RBI is likely to hike both the policy rates by 0.25 per cent in the forthcoming review on Thursday.

  • Mumbai,  March 14, 2011  
  • |  
  • UPDATED   11:37 IST

Floating rate home and auto loan borrowers may have to brace for higher interest rates on their loans , with many economists expecting a 0.25 per cent policy interest rate hike by the Reserve Bank of India (RBI) in its midquarter credit policy review on Thursday. However, some of them hope that the apex bank may pause the rate hikes this time, citing uncertainties on the growth front.

"RBI is likely to hike both the policy rates (repo and reverse repo rates) by 0.25 per cent in the forthcoming review.
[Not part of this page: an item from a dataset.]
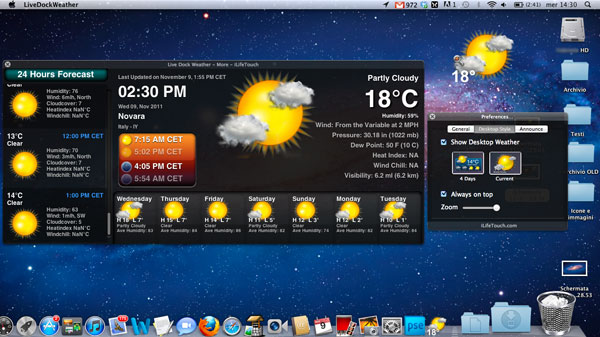 Live Dock Weather per Mac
Inflation still remains a problem with oil prices coming under upward pressure, despite some moderation in food prices," said D.K. Joshi, chief economist of rating agency Crisil.

RBI's dilemma - To step in or not

  • The RBI may hike rates to cap the inflationary expectations if the burden of price rise is passed on to the customers
  • Spiralling credit growth is adding to RBI's woes on inflation front as it could push up demand & stoke more price rise
  • A rate hike would also address this concern as higher rates would distance a large No. of prospective borrowers
  • Credit growth in the last 12 months has been above 24 per cent, against the projected 20 per cent growth for the full fiscal
"The government has to pass it on to the customers sooner or later," Joshi added. The Centre is already facing the prospect of rise in fiscal deficit in the coming fiscal. RBI had made it clear that it may not have to act if the global oil price rise is borne by the Centre. But if it is to be passed on to the customers, then it may have to hike rates to cap the inflationary expectations.

Spiralling credit growth is also adding to RBI's worries on the inflation front. It could push up demand and stoke further rise in prices. A rate hike would also address this concern as higher rates would distance a large number of prospective borrowers. Credit growth in the last 12 months has been above 24 per cent, against the projected 20 per cent growth for the fiscal.

If policy rates are hiked again, it will be the eighth time that the RBI would be doing so since March 2010 to tame inflation that has remained at elevated levels. It had raised the repo (rate at which RBI lends to banks) and the reverse repo (rate at which it accepts overnight deposits from banks) rate by 1.75 per cent and 2.25 per cent to 6.5 per cent and 5.5 per cent, respectively.

Food price inflation softened to a three-month low of 9.52 per cent in late February. The benchmark WPI inflation in January was at 8.23 per cent, well above the RBI's comfort zone of four to five per cent and its end-March 2011 target of seven per cent. WPI inflation for February is expected to moderate further.

However, Prof. N.R. Bhanumurthy of the National Institute of Public Finance and Policy (NIPFP), said, "It is a big dilemma on how to balance low inflation and high growth at this juncture. Corporate investments are not picking up, and that is also getting reflected in the IIP (index of industrial production) figures. As such, RBI might hold for this time and act in the quarterly review in May."

"Aggressive hike in rates are expected to stifle economic growth. So, movements of inflation would be watched carefully," Bhanumurthy added. IIP grew by only 3.7 per cent in January, compared to the same months in 2010. This is subdued, though higher than that in December. "The high base year effect has been a dampener on growth numbers this year and will continue to be so in February and March. Also, high interest rates have started impacting investment decisions," said Madan Sabnavis, chief economist of CARE Ratings.

"We believe that the RBI should maintain a neutral stance on March 17 as inflation is coming down and industrial growth is being affected by high interest rates, though the RBI might increase interest rates by another 25 bps (or 0.25 per cent)," Sabanavis added.